To disable any pyicontract-lint checks on a file, add # pyicontract-lint: disabled on a separate line to the file. This is useful when you recursively lint files in a directory and want to exclude certain files.

Module icontract_lint

The API is provided in the icontract_lint module if you want to use pycontract-lint programmatically.
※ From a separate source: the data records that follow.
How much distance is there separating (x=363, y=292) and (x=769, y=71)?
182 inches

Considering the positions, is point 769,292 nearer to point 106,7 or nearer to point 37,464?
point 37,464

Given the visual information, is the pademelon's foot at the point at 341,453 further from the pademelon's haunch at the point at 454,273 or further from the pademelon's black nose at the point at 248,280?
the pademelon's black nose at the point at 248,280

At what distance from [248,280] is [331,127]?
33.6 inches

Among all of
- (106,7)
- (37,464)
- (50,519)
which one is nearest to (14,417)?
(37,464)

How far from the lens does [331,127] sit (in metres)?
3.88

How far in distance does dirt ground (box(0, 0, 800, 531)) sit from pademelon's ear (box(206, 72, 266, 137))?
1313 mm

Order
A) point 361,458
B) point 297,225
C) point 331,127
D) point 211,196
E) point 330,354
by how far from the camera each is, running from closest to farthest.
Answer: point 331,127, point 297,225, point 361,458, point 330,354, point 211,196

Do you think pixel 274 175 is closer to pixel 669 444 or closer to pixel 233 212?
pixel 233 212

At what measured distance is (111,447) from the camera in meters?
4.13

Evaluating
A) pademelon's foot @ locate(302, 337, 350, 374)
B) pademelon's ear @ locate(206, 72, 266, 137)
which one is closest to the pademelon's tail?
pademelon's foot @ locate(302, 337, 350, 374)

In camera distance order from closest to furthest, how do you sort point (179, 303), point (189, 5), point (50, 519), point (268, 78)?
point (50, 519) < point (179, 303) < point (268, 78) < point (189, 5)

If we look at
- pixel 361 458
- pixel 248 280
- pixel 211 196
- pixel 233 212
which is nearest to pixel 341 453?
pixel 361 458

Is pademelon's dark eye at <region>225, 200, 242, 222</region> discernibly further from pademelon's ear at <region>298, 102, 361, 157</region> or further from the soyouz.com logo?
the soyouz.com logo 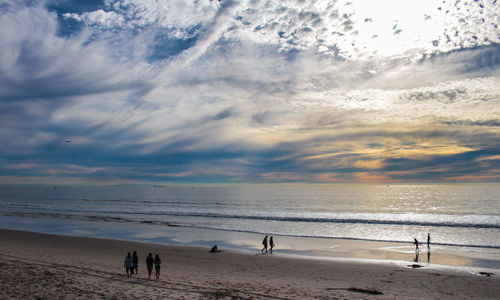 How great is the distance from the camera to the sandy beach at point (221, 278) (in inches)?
499

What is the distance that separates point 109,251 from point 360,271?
19.6 metres

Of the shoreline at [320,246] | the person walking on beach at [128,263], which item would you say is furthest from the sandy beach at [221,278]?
the shoreline at [320,246]

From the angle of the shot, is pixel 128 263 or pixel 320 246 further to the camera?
pixel 320 246

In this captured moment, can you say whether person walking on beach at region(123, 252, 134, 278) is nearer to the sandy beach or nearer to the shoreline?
the sandy beach

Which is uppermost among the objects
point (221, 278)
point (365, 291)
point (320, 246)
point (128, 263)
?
point (128, 263)

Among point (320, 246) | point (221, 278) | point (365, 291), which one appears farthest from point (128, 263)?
point (320, 246)

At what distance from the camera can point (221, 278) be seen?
1623cm

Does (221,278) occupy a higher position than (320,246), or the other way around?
(221,278)

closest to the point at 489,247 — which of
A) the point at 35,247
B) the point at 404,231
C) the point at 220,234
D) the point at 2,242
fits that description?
the point at 404,231

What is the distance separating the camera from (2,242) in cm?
Answer: 2639

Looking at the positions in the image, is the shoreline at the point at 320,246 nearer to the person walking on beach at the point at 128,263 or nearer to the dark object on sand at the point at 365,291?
the dark object on sand at the point at 365,291

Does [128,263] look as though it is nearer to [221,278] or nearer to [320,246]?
[221,278]

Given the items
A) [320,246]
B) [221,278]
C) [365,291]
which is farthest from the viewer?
[320,246]

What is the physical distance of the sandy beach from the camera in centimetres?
1268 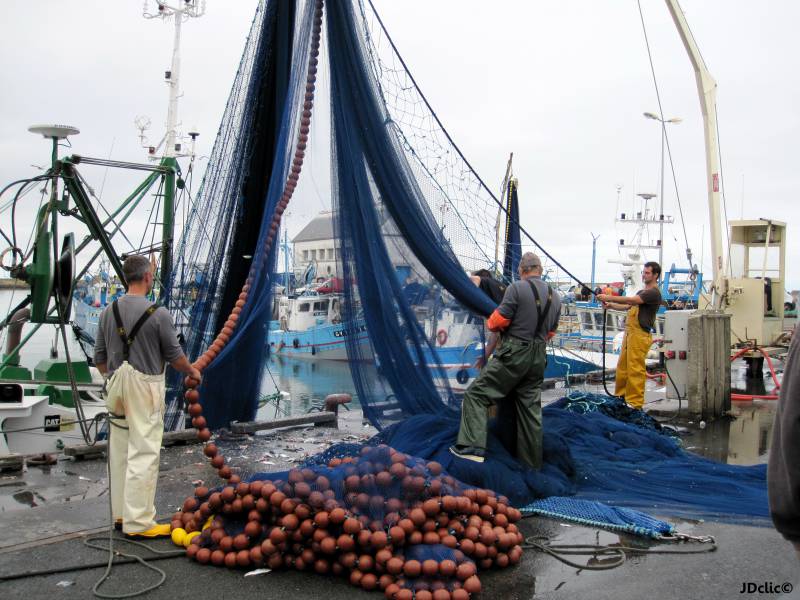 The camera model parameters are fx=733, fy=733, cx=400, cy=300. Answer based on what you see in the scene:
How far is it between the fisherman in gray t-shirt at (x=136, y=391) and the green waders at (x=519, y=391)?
221 centimetres

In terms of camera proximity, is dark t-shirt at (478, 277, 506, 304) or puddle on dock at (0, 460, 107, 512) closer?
puddle on dock at (0, 460, 107, 512)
The main points of entry in icontract_line module are:

  • check_file(...): lint a single file,
  • check_recursively(...): lint a directory and
  • check_paths(...): lint files and directories.

The output is produced by functions output_verbose(...) and output_json(...).

Here is an example code that lints a list of given paths and produces a verbose output:

import pathlib
import sys

import icontract_lint

errors = icontract_lint.check_paths(paths=[
    pathlib.Path('/some/directory/file.py'),
    pathlib.Path('/yet/yet/another/directory'),
    pathlib.Path('/another/directory/another_file.py'),
    pathlib.Path('/yet/another/directory'),
])

output_verbose(errors=errors, stream=sys.stdout)

The full documentation of the module is available on readthedocs.

Installation

  • Install pyicontract-lint with pip:
pip3 install pyicontract-lint

Development

  • Check out the repository.
  • In the repository root, create the virtual environment:
python3 -m venv venv3
  • Activate the virtual environment:
source venv3/bin/activate
  • Install the development dependencies:
pip3 install -e .[dev]
  • We use tox for testing and packaging the distribution. Run:
tox
  • We also provide a set of pre-commit checks that lint and check code for formatting. Run them locally from an activated virtual environment with development dependencies:
./precommit.py
  • The pre-commit script can also automatically format the code:
./precommit.py  --overwrite

Versioning

We follow Semantic Versioning. The version X.Y.Z indicates:

  • X is the major version (backward-incompatible),
  • Y is the minor version (backward-compatible), and
  • Z is the patch version (backward-compatible bug fix).